Question

Check to see if I’m starting good and help to end

Answer 1

For this problem we have a certain function,

`MP(x)=xe^(-0.6x)`

And we need to integrate it over the interal:

`0\le x\le100`

In order to solve this problem, we need to apply the integration by parts method.
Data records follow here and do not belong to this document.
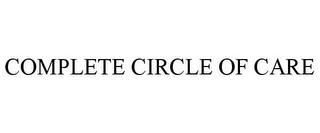 COMPLETE CIRCLE OF CARE trademark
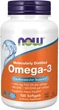 Риб'ячий жир Omega 3 180 EPA/120 DHA Now Foods 100 капсул (NF523) - зображення 2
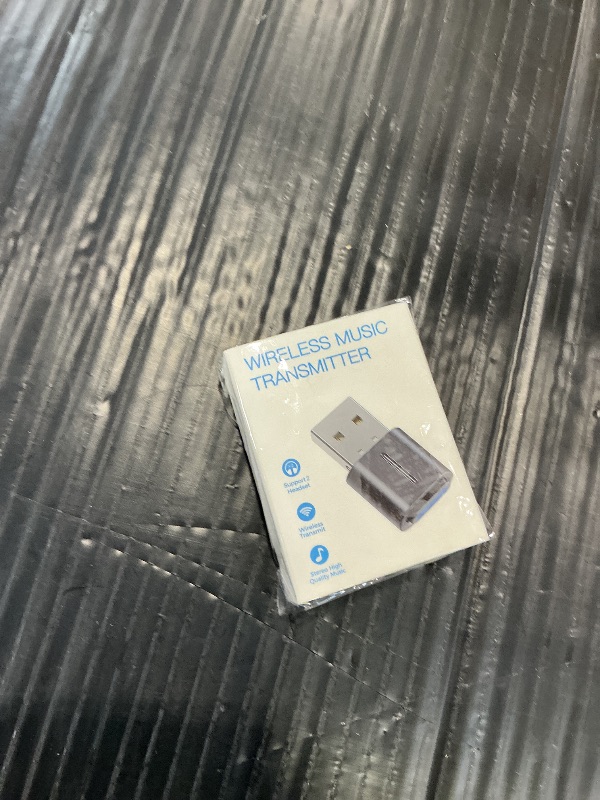 Photo 1 of Smof Bluetooth Audio Adapter for PS5, PS4, Mac, Wireless Audio Transmitter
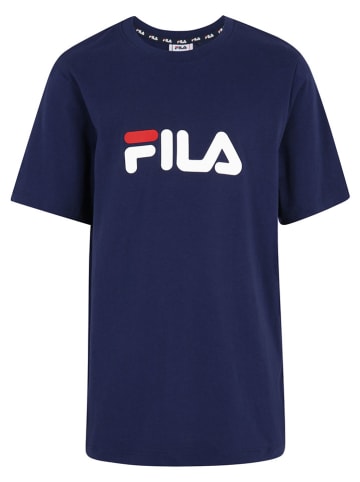 Fila Shirt donkerblauw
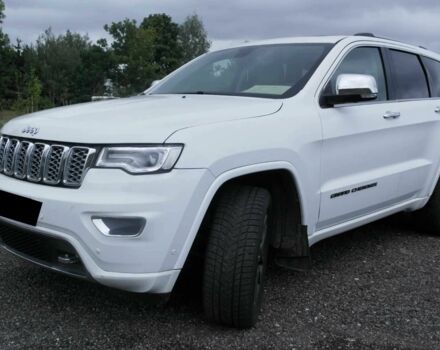 Белый Джип Гранд Чероки, объемом двигателя 3.6 л и пробегом 98 тыс. км за 15500 $, фото 2 на Automoto.ua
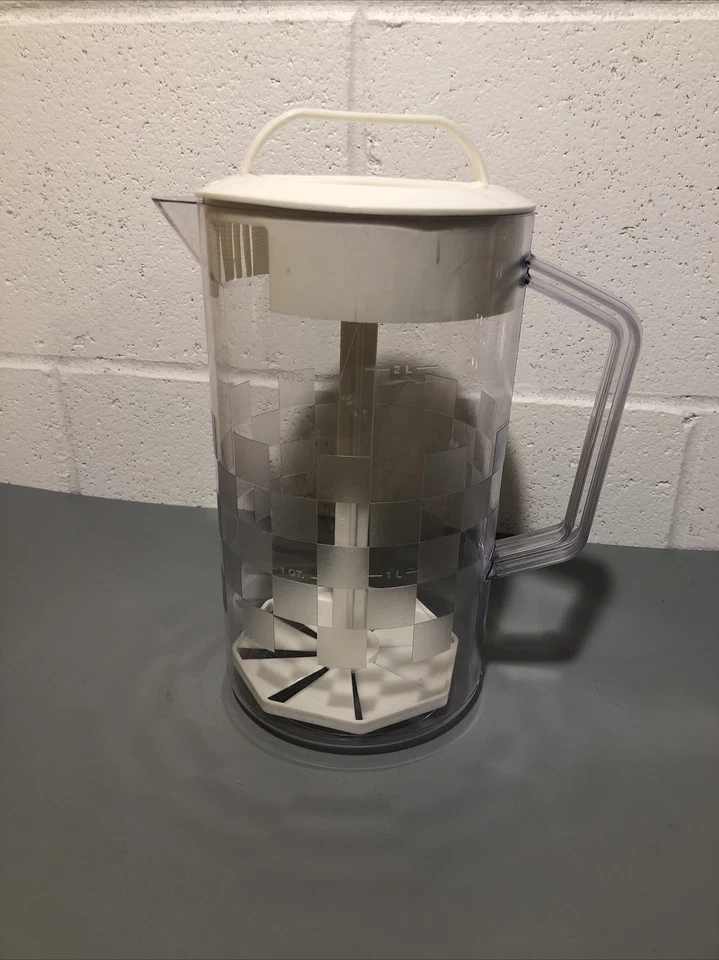 Кувшин и крышка для быстрого перемешивания Pamped Chef 2272 емкость 2 кварты - Изображение 2 из 4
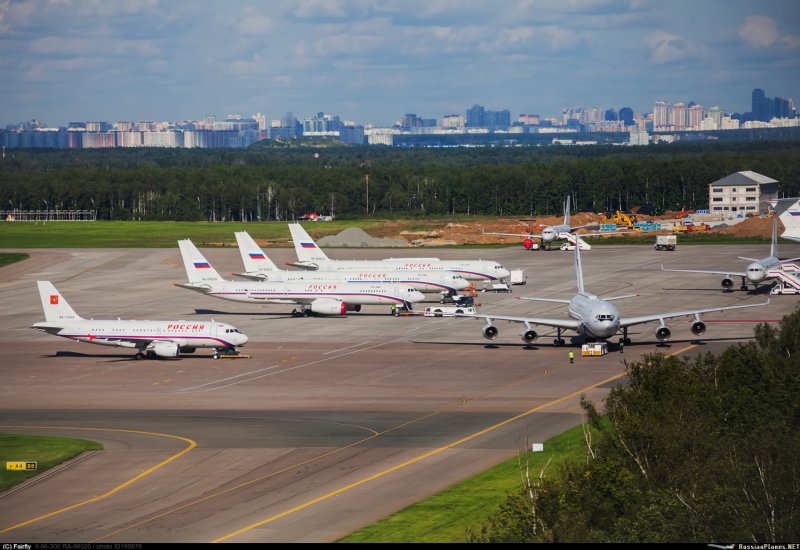 Ил-96 ra-96020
Such as:

`\int udv=uv-\int vdu`

For our case we will call "u = x", therfore we have:

`\begin{gathered} u=x \\ (du)/(dx)=1 \\ du=dx \end{gathered}`

And the other part of the integral will be dv, we have:

`\begin{gathered} e^(-0.6x)dx=dv \\ \int e^(-0.6x)dx=\int dv \\ -1.67e^(-0.6x)=v \\ e^(-0.6x)=-(v)/(1.67) \\ e^(-0.6x)=-0.6v \end{gathered}`

Using the second expression, we have:

`\begin{gathered} \int xe^(-0.6x)=-1.67xe^(-0.6x)+\int 1.67e^(-0.6x)dx \\ \int xe^(-0.6x)=-1.67xe^(-0.6x)-2.78e^(-0.6x)+K \end{gathered}`

Now we need to apply the interval, to define the function:

`\begin{gathered} \int ^(100)_0xe^(-0.6x)=(-1.67xe^(-0.6x)-2.78e^(-0.6x))\begin{cases}100 \\ 0\end{cases} \\ \int ^(100)_0xe^(-0.6x)=(-1.67\cdot100\cdot e^(-0.6\cdot100)-2.78e^(-0.6\cdot100))-(-1.67\cdot0\cdot e^(-0.6\cdot0)-2.78e^(-0.6\cdot0)) \\ \int ^(100)_0xe^(-0.6x)=-167e^(-60)-2.78e^(-60)+2.78e^0 \\ \int ^(100)_0xe^(-0.6x)=2.78 \end{gathered}`

The value for the integral on the interval from 0 to 100 is 2.78.